I'm wondering if there are any special considerations/ideas/treatments of equations of the following sort, where if $$\boldsymbol{x} = (x_1,x_2,x_3)$$: $$\begin{bmatrix} \partial_{x_1} & \left(\partial_{x_3}(\cdot)\right)^2\\ a(\boldsymbol{x})\partial_{x_2}^2 & -4\\ \boldsymbol{b}^T\nabla(\cdot) & \partial_{x_1}^2 \end{bmatrix} \begin{bmatrix} u(\boldsymbol{x})\\ v(\boldsymbol{x}) \end{bmatrix} = \begin{bmatrix} \partial_{x_1}u + \left(\partial_{x_3}v\right)^2\\ a(\boldsymbol{x})\partial_{x_2}^2u-4v\\ \boldsymbol{b}^T\nabla u + \partial_{x_1}^2v \end{bmatrix}= \begin{bmatrix} f(\boldsymbol{x})\\ g(\boldsymbol{x})\\ h(\boldsymbol{x}) \end{bmatrix}$$

Obviously I just made this up, and I'm sure that monstrosity has no solution, but you get the picture: has anyone studied this extra layer of structure you can add in systems of PDEs where you apply an matrix to a vector-valued function whose entries are differential operators in their own right?
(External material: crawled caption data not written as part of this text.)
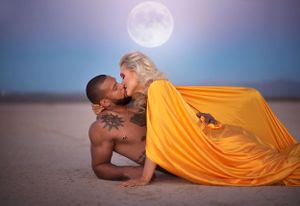 A romantic couple poses on sand dunes at dusk with a dramatic full moon in a purple-blue sky as backdrop.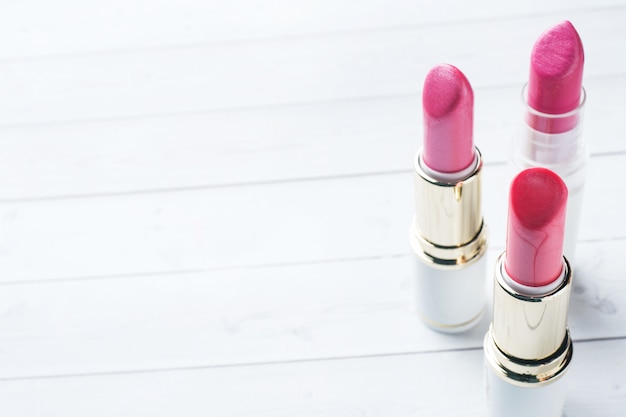 Satz farbige rosa Lippenstifte auf weißem Hintergrund. Kosmetik für Frauen. Selektiver Fokus Platz kopieren.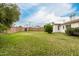 Spacious backyard with mature trees and a brick wall at 7844 N 17Th Ave, Phoenix, AZ 85021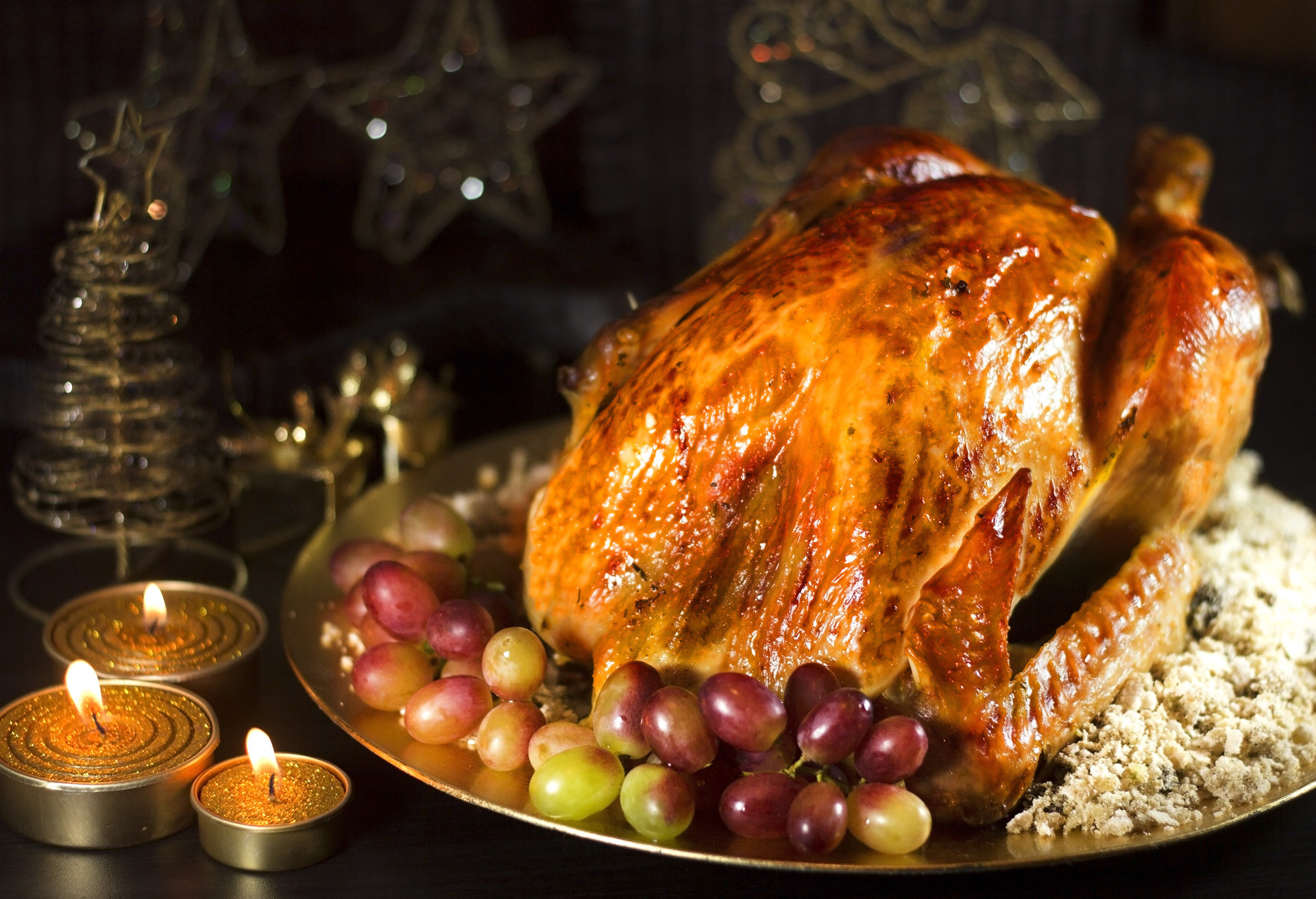 Roasted turkey with grapes and brazilian food farofa on dark background with candles.; Shutterstock ID 343312007; Purpose: Virtual Christmas Guides; Brand (KAYAK, Momondo, Any): Kayak; Client/Licensee: KAYAK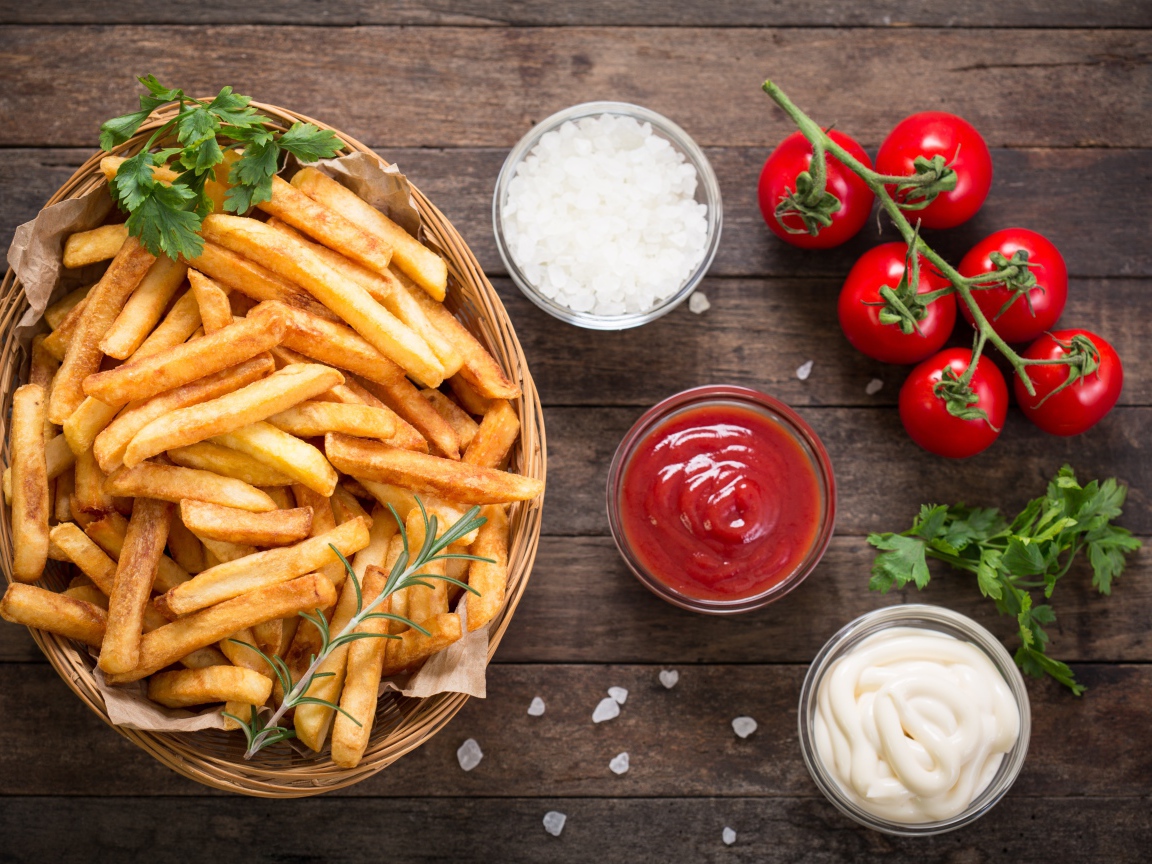 Картофель фри на столе соусом, солью и помидорами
Is there a particular calculus or set of computational rules that arise from these typesequations? Generally in indicial notation, $$L_{ij}u_j(\boldsymbol{x})=f_i(\boldsymbol{x})\quad\text{where L_{ij} are (possibly nonlinear) differential operators}$$ If this is some obvious field/application of study, I clearly don't have the right key search terms to find this on my own. I'm sorry if this is an obvious question.